ABC News' Kirit Radia reports: Secretary of Defense Robert Gates today strongly defended a controversial memo he issued last week clamping down on how officials in the military and its civilian leadership interact with the media. Reporters have since complained that the memo, in the works before the recent Rolling Stone article that torpedoed General Stanley McChrystal’s career, could cause a chilling effect in relations with the press.
“I spent my first few months on the job telling military audiences that the press was not the enemy and that to treat it as such was counterproductive and self-defeating,” Gates told reporters at the Pentagon. “None of that has changed.”
Gates said he had received complaints from both President Bush and President Obama about “senior Defense officials, both civilian and military, speaking out inappropriately on foreign-policy issues.” He also expressed frustration at losing both McChrystal, who had led US and coalition forces in Afghanistan, and then-Centcom commander Admiral William Fallon due to remarks they made to the media in the past two years.
Gates defended the memo saying it was not altering the media engagement policy, but simply reaffirming existing practice by better coordinating media contacts.
“It reflected the fact that for some time now, long before the recent Rolling Stone article, I have grown increasingly concerned that we have become too lax, disorganized, and, in some cases, flat-out sloppy in the way we engage with the press,” Gates said.

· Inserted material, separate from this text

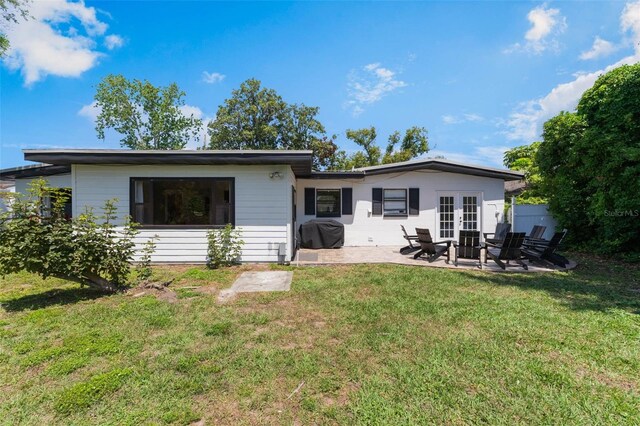 3204 Tradewinds Trl, Orlando, FL 32805 - back of property with a patio area, french doors, and a lawn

“As a result, personal views have been published as official government positions, and information has gone out that was inaccurate, incomplete or lacking in proper context. Reports and other documents, including on sensitive subjects, are routinely provided to the press and other elements in this town before I or the White House know anything about them. Even more worrisome, highly classified and sensitive information has been divulged without authorization or accountability. My hope and expectation is that this new guidance will improve the quality of press engagement by ensuring that the people the media talk to can speak with accuracy and authority. This should not infringe or impede the flow of accurate and timely information to you or to the public. That is not my intent, nor will I tolerate it,” he added.
“If you're a captain in a unit that has an embedded reporter, as long as you're within the guidelines and the rules, we expect you to be open with that embedded reporter. On the other hand, if you're a captain in this building, working on budget options, I expect you to keep your mouth shut,” Gates said.